■ REQUIRED WORK: Please give back the listing exactly, without any of its pictures.

■ STORED DATA:
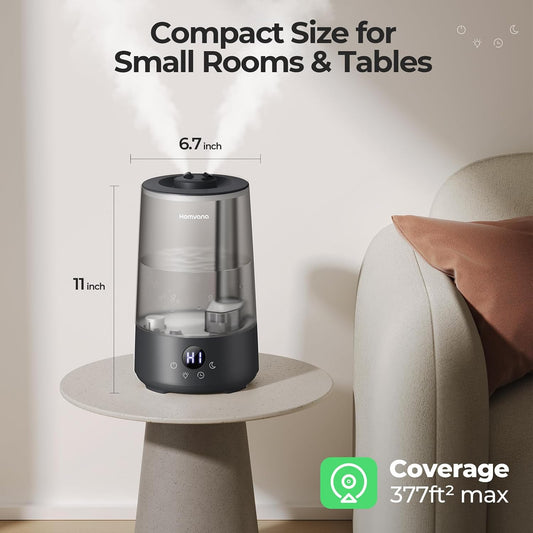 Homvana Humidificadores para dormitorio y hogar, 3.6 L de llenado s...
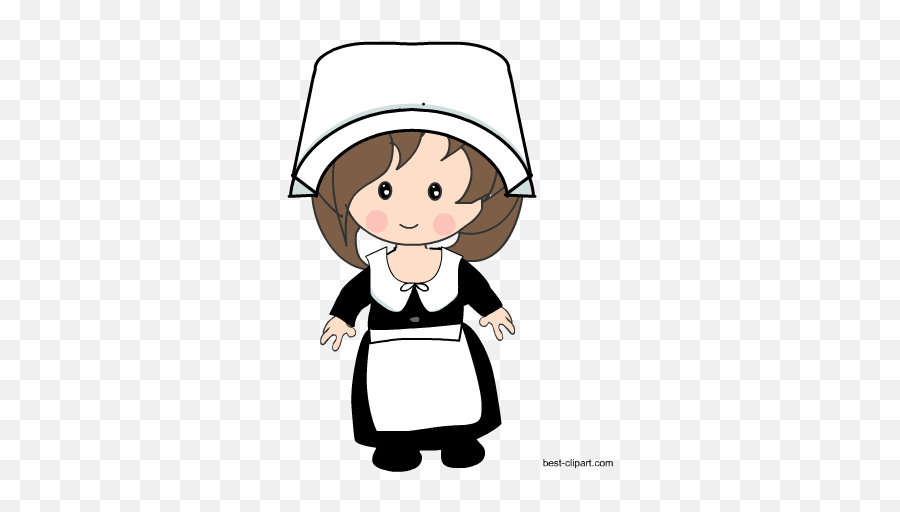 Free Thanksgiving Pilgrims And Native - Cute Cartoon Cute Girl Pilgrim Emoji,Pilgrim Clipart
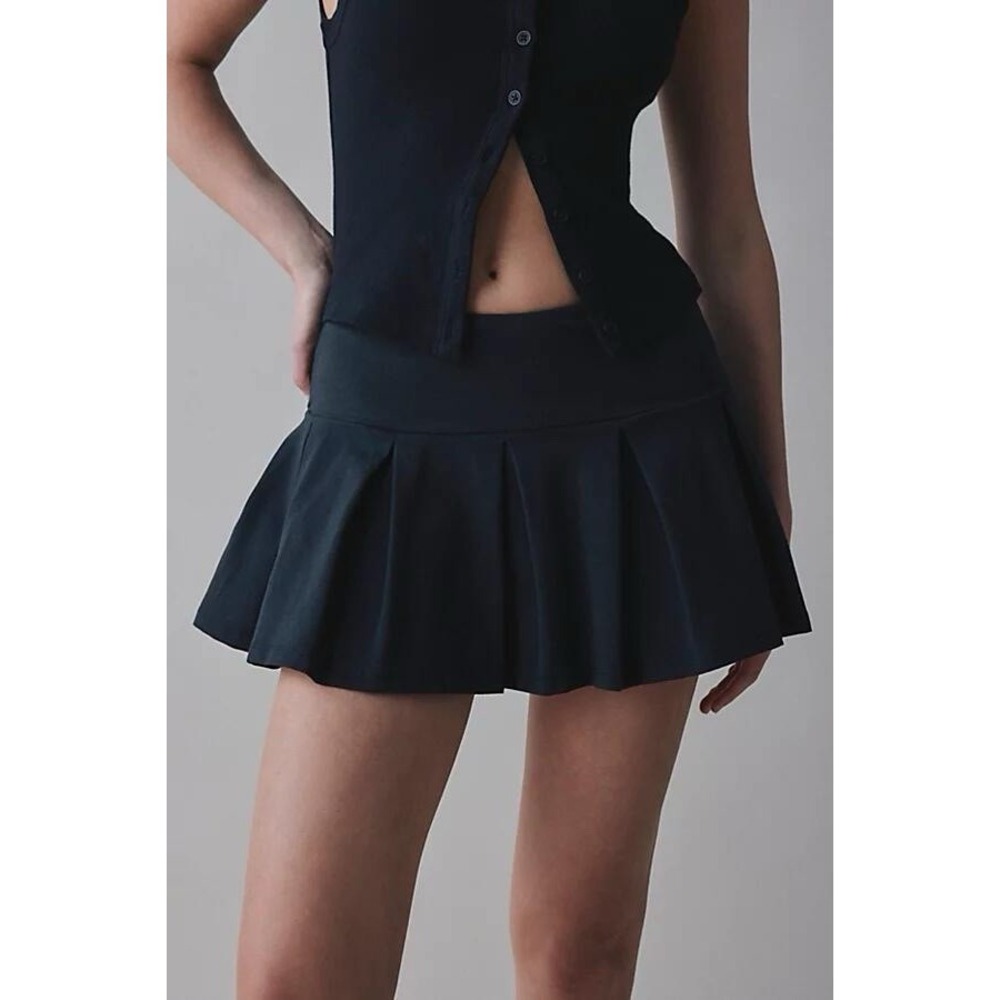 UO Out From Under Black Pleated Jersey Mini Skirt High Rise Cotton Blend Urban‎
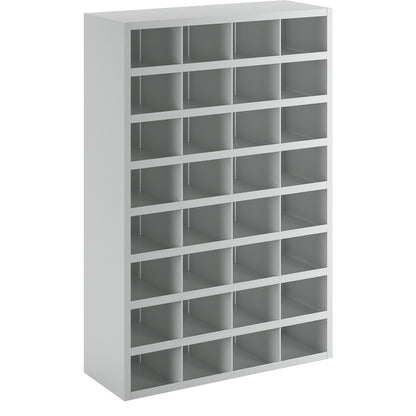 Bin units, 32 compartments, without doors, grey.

■ TASK SOLUTION:
 Homvana Humidificadores para dormitorio y hogar, 3.6 L de llenado s...
 Free Thanksgiving Pilgrims And Native - Cute Cartoon Cute Girl Pilgrim Emoji,Pilgrim Clipart
 UO Out From Under Black Pleated Jersey Mini Skirt High Rise Cotton Blend Urban‎
 Bin units, 32 compartments, without doors, grey.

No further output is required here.